Mathias v. White Sulphur Springs Ass'n

17 Mont. 542 | Mont. | 1896

De Witt, J.

There has been a contention between counsel as to whether service of the summons in this case should have been made under the provisions of section 72 or section 75, Code of Civil Proc., 1887. (Congdon v. Butte Con. Ry. Co., ante 481.) It was also contended that, if service were made under section 75, that section did not authorize service to be made upon a trustee. But these questions may be passed, for the reason that we are of opinion that the return is wholly insufficient.

Our statutes for the service of summons upon a corporation are extremely liberal. Service may very readily be obtained upon any corporation. With this liberality in the statute, certainly a fair compliance with the terms of the statute should be required. In this case the sheriff returns that he served the summons upon T. E. Collins, a trustee. The return does not state of what corporation Collins was a trustee. The return further states that Collins was the defendant named in the summons. This is not true. The corporation was the defendant.

In Blodgett v. Schaffer, 94 Mo. 652, 7 S. W. 436, the action was against the Union National Bank of St. Louis. The *544sheriff returned that he had made service by delivering a copy of the writ to ‘ ‘T. H. Larkin, the within-named defendant. ’ ’ Held, that service was not made upon the bank.

In Chicago Planing Mill Co. v. Merchants’ National Bank, 86 Ill. 587, the sheriff made return upon the writ that he had “served the writ by reading and delivering a copy thereof to William H. Jenkins, by direction, as secretary.” Held to be bad, in that it was not shown that the person served was secretary of the company.

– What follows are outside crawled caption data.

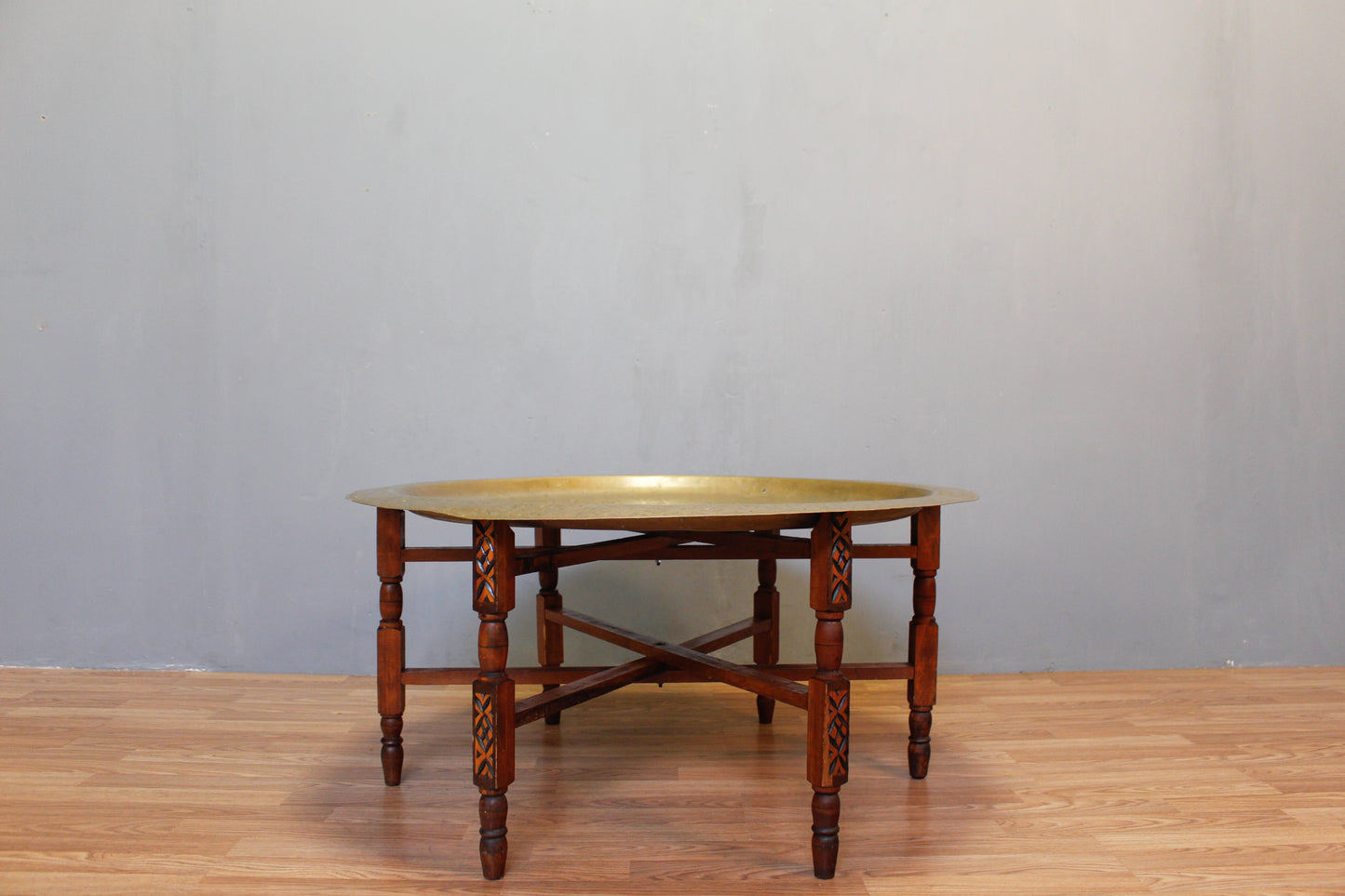 Large Moroccan Brass Tray-Top Table P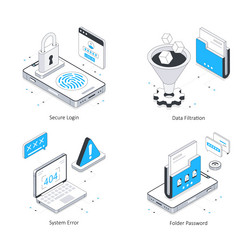 data security isometric set 7 vector image
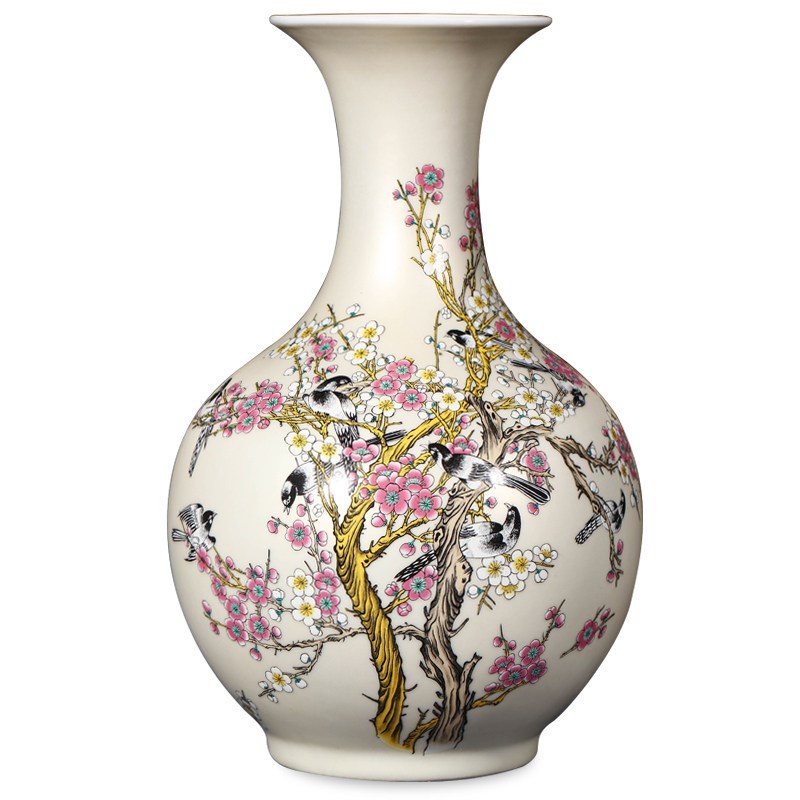 景德镇陶瓷花瓶摆件客厅插花现代中式客厅家居装饰品摆件瓷瓶子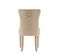 Lot De 2 Chaises Matelassé Avec Boutons Et Pieds En Bois Velours Beige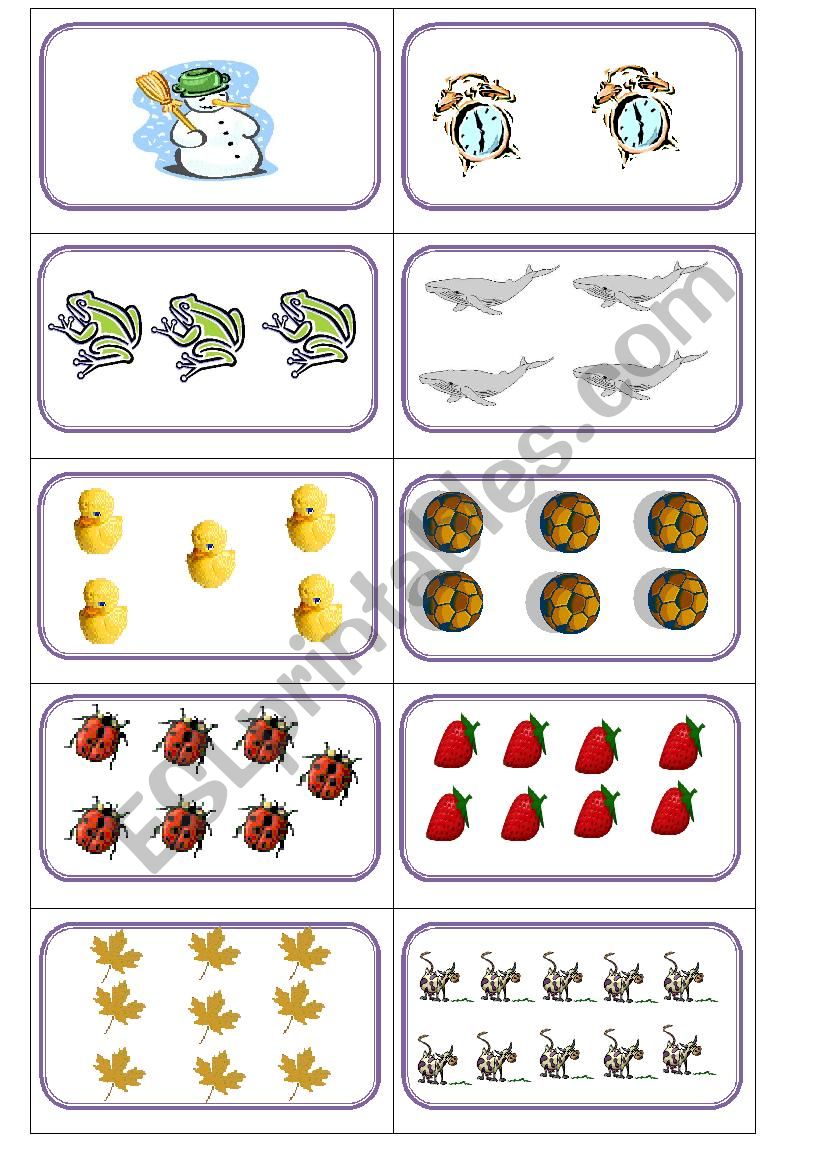 Numbers 1-10 flash-cards worksheet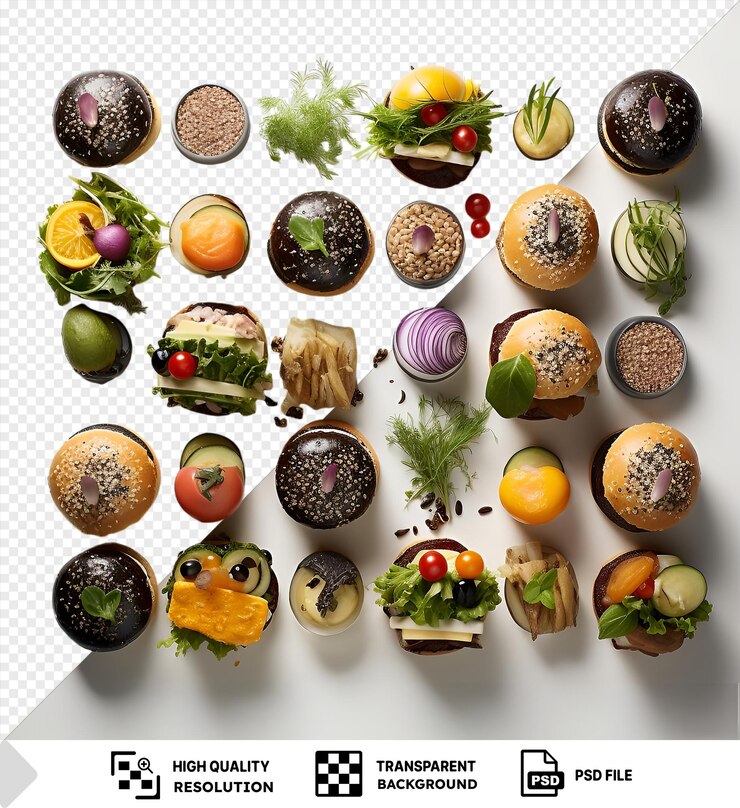 PSD isolated gourmet burger cooking set featuring a variety of colorful vegetables and fruits including red tomatoes green lettuce purple onion and orange orange arranged on a transparent background with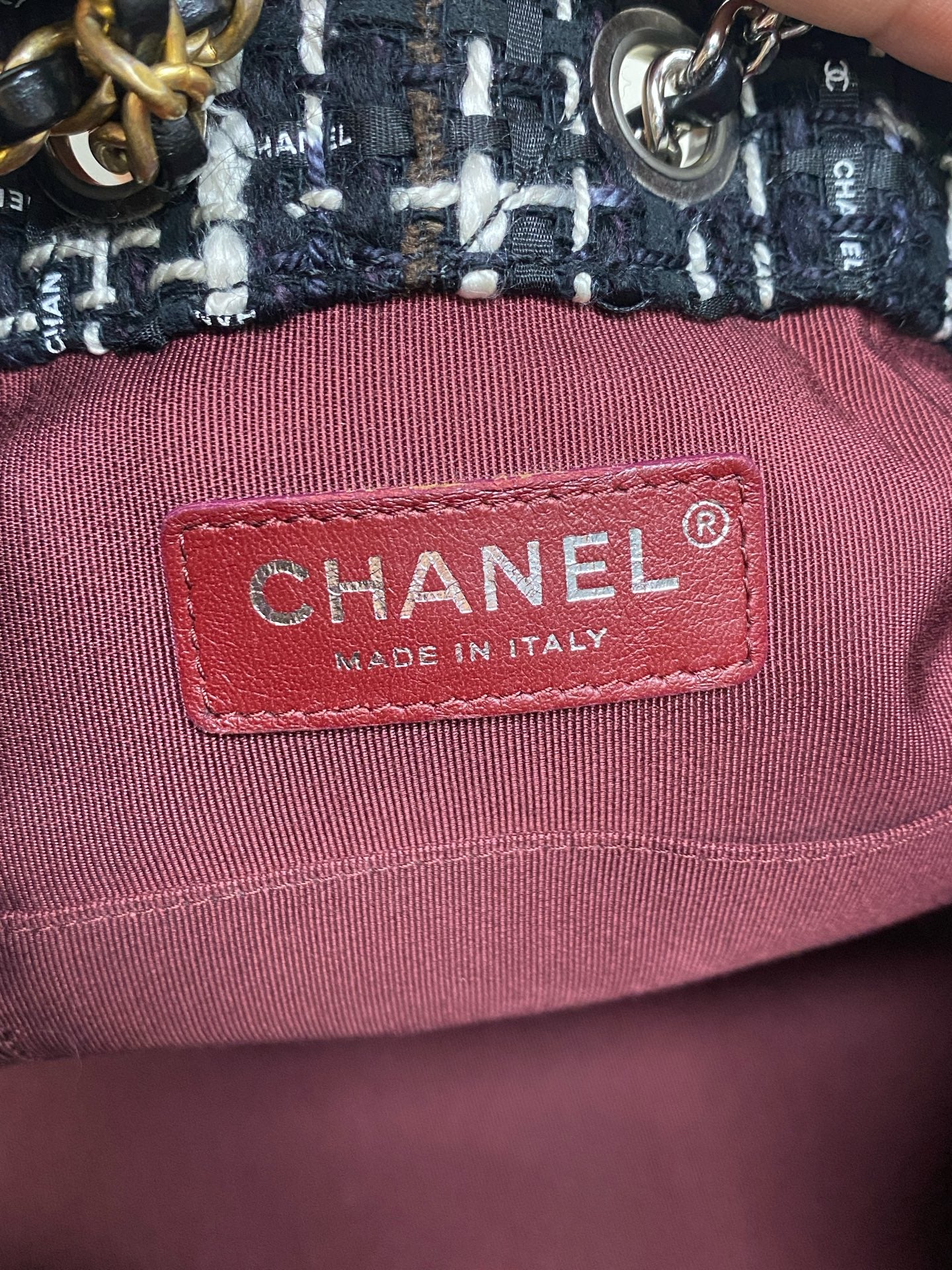 Chanel - Gabrielle Backpack Small - Tweed and Leather - Black, White - (Small)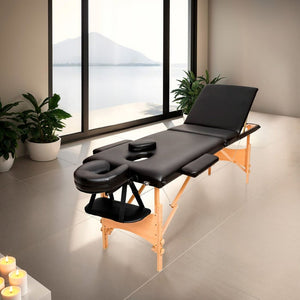 3 Zonen Massageliege mit Polsterung, schwarz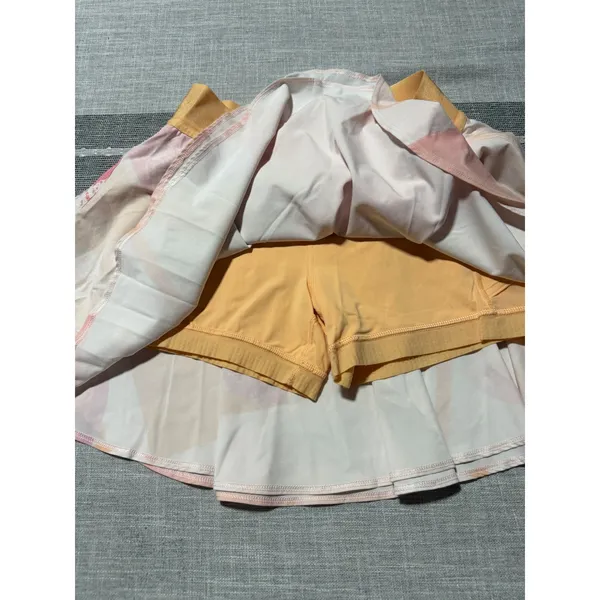 Lululemon Court Rival High Rise Skort Tall Pastel Multi Abstract Print Size 8 - Image 5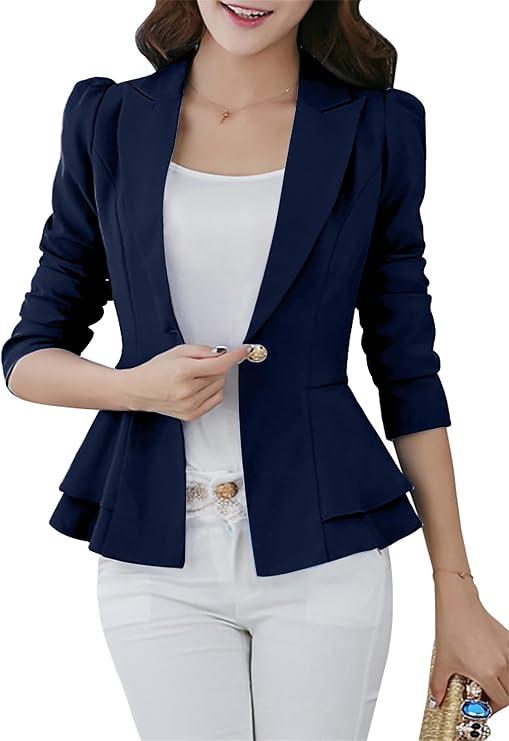 Lady's Button Neck Long Sleeve Suit Vintage Casual Swing Dress Suit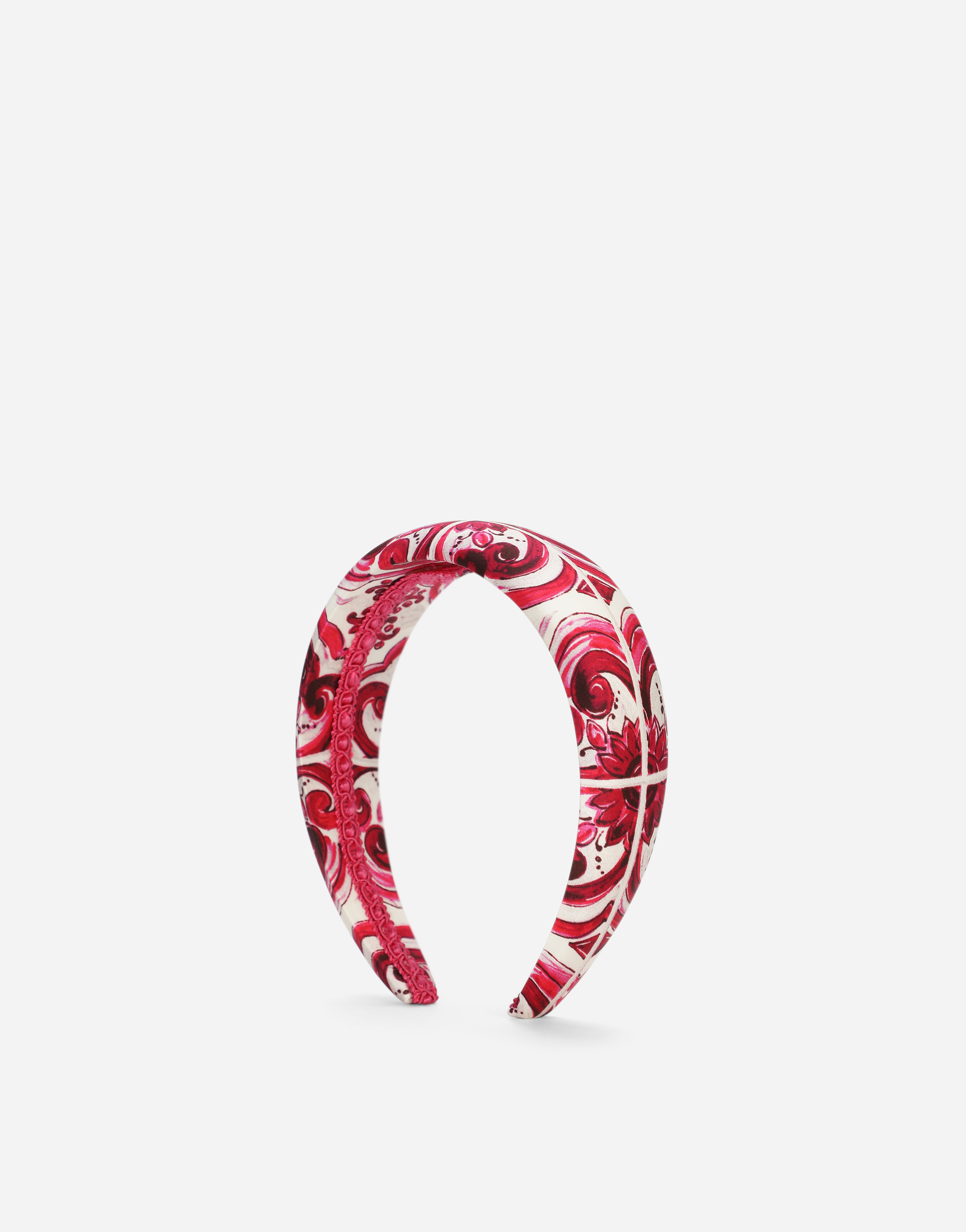 DOLCE & GABBANA MAJOLICA-PRINT SATIN HAIR BAND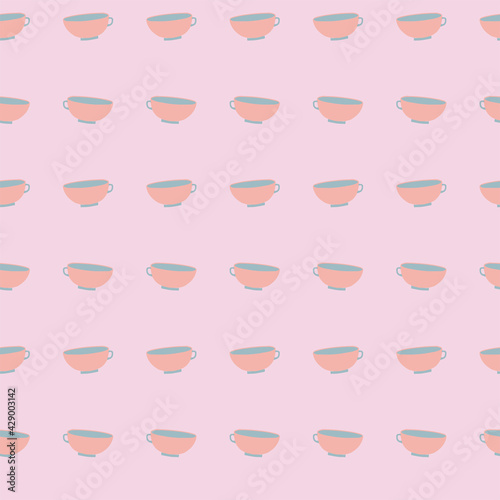Wide tea cup angled grid repeat pattern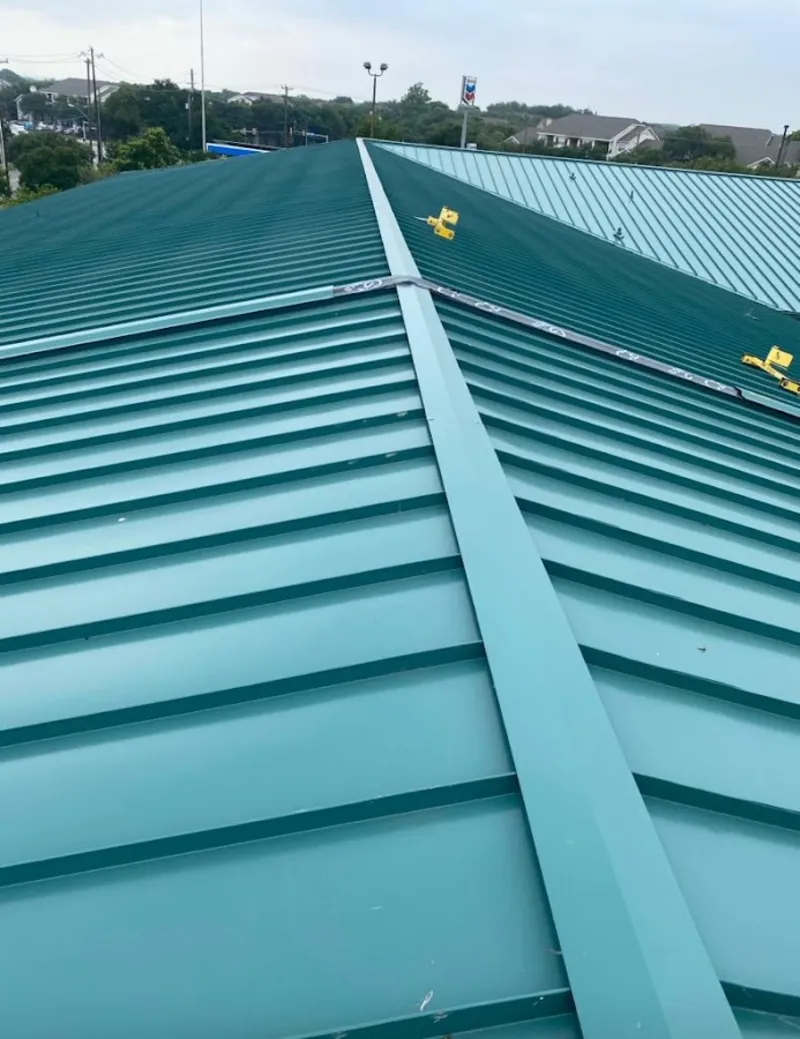 Green commercial metal roof ridge and valley for Metal Roof Repair in Vandalia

In Railway Co. v. Pillsbury, 29 Kan. 652, the return of the summons showed that it was served by delivering a copy thereof to “D. W. March, agent of said U. P. R. R. Co., Manhattan, Kansas. ’ ’ The return was held to be bad. Brewer, J., says : “Where this was served, or what kind of an agent of said defendant said D. W. March was, is not shown. ’ ’ This case was approved and followed in Dickerson v. Railroad Co., 43 Kan. 702, 23 Pac. 936.

These authorities uphold the view that the return upon this summons was insufficient. We concur in the views expressed in these cases, and are of opinion that the return of the sheriff in the case at bar was wholly insufficient to show service upon the corporation.

The judgment of the district court, and the order refusing to set aside the default and judgment, are therefore reversed, and the case is remanded, with directions to set aside the default and judgment and give the defendant leave to demur or answer.

Reversed.

Pemberton, C. J., and Hunt, J., concur.